Teen Options to Prevent Pregnancy

Updated: Jan 12, 2018
Evidence Rating:
Near Top Tier

Highlights

  • Program:

    An 18-month program for low-income adolescent mothers, delivered by nurse educators and a social worker, that aims to reduce rapid repeat pregnancy and promote healthy birth spacing.

  • Evaluation Methods:

    A well-conducted randomized controlled trial (RCT) with a sample of 598 mothers, ages 10 to 19.

  • Key Findings:

    For the full sample, the program reduced the rate of repeat pregnancy during the 20 months after random assignment by about half (21 percent of the treatment group became pregnant versus 39 percent of the control group). Based on state birth records obtained for the subsample of mothers ages 18 or 19 at the start of the study, the program reduced the rate of new births during the 30 months after random assignment by about one-third (24 percent of the treatment group gave birth versus 36 percent for the control group). Both effects were statistically significant.

  • Other:

    The study’s main limitation is that it was conducted within a single health system in Ohio; thus, a replication RCT in a different site would be desirable to confirm the results and establish that they generalize to other settings.

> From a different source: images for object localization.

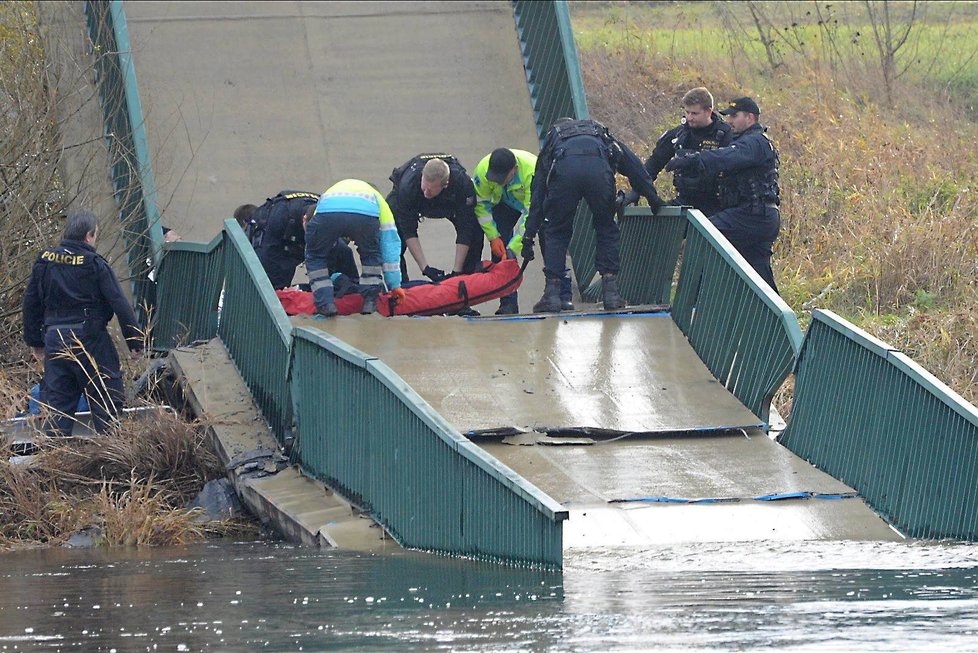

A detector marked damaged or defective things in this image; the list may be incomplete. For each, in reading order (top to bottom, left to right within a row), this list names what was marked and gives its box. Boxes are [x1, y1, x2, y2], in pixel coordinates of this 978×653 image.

broken concrete edge [166, 338, 394, 552]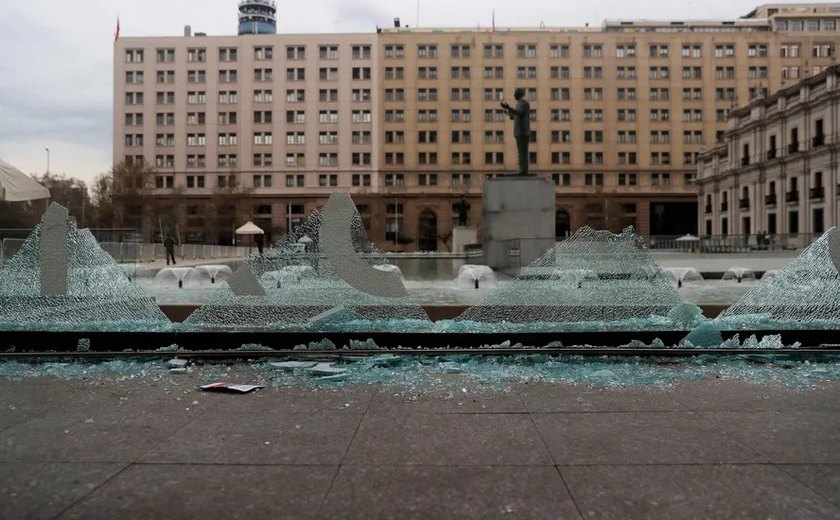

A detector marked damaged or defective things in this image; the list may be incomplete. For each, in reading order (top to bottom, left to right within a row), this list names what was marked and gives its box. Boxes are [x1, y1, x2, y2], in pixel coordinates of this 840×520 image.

shattered glass panel [0, 204, 169, 330]
shattered glass panel [186, 197, 430, 332]
shattered glass panel [452, 226, 684, 330]
shattered glass panel [716, 229, 840, 330]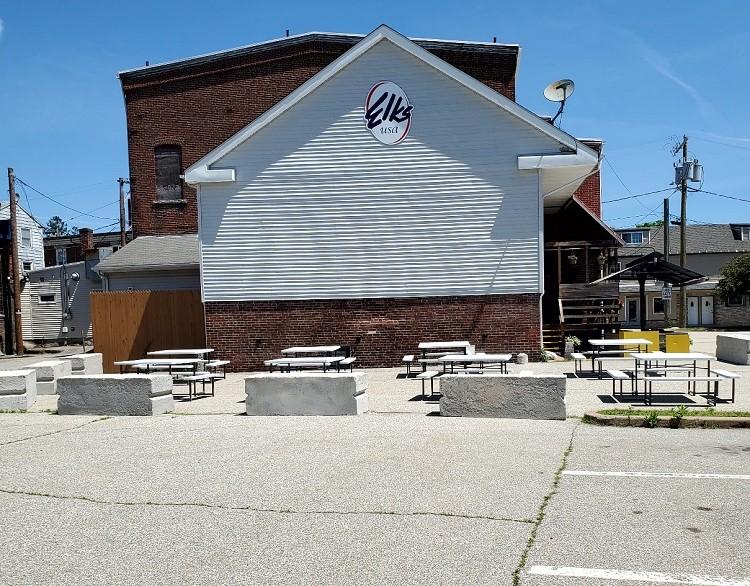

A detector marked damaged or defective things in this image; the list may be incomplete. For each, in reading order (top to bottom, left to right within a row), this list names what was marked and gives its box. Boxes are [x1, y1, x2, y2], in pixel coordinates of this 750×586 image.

crack in pavement [0, 416, 111, 448]
crack in pavement [0, 486, 536, 524]
crack in pavement [512, 418, 580, 580]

The Teen Options to Prevent Pregnancy (TOPP) program was developed by OhioHealth, a large faith-based health system in Columbus, Ohio, and enrolled adolescent mothers from seven outpatient clinics and five hospital postpartum units serving seven counties in Central Ohio. TOPP’s main goal is to reduce rapid repeat pregnancy and promote healthy birth spacing among adolescent mothers. The program, delivered by nurse educators and a social worker over an 18-month period, includes the following recommended components:

  • Monthly one-on-one motivational interviewing sessions delivered by a nurse educator by telephone to help the young mothers identify a birth control plan that meets their needs;
  • Free transportation to a local health care provider or a TOPP clinic to receive contraceptive services (e.g., LARCs);
  • At least one in-person visit from the nurse educator in the young mother’s home or a community setting; and
  • Access to a program social worker who, based on an initial psychosocial assessment of the participating mother and subsequent identification of service needs by the nurse educators, could refer her to appropriate support services.

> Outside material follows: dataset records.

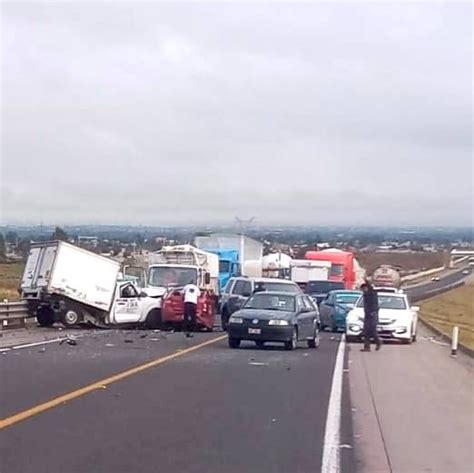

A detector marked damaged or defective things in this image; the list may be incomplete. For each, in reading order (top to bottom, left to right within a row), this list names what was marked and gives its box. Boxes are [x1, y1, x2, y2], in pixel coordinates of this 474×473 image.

damaged white box truck [20, 242, 162, 326]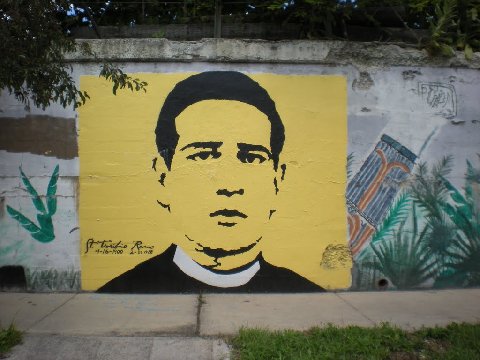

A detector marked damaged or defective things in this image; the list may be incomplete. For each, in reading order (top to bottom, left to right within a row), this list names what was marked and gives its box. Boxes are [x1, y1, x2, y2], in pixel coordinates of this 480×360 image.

pavement crack [26, 292, 77, 332]
pavement crack [334, 294, 376, 324]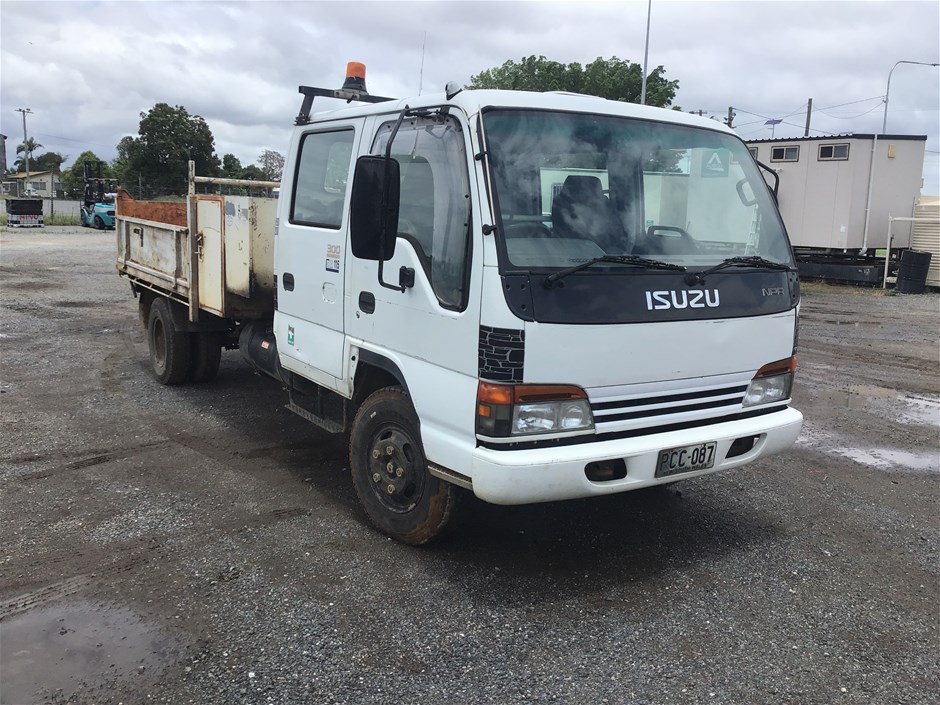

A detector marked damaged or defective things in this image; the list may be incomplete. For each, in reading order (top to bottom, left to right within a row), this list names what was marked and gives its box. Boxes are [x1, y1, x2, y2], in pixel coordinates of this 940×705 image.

The program developers emphasize two aspects of program implementation as essential to successful delivery of the above components: (i) initial training and rigorous ongoing coaching of the nurse educators in motivational interviewing, and (ii) the nurses’ discussion of both contraceptive and non-contraceptive topics with the adolescent mothers. The study reports do not provide information on the program’s cost.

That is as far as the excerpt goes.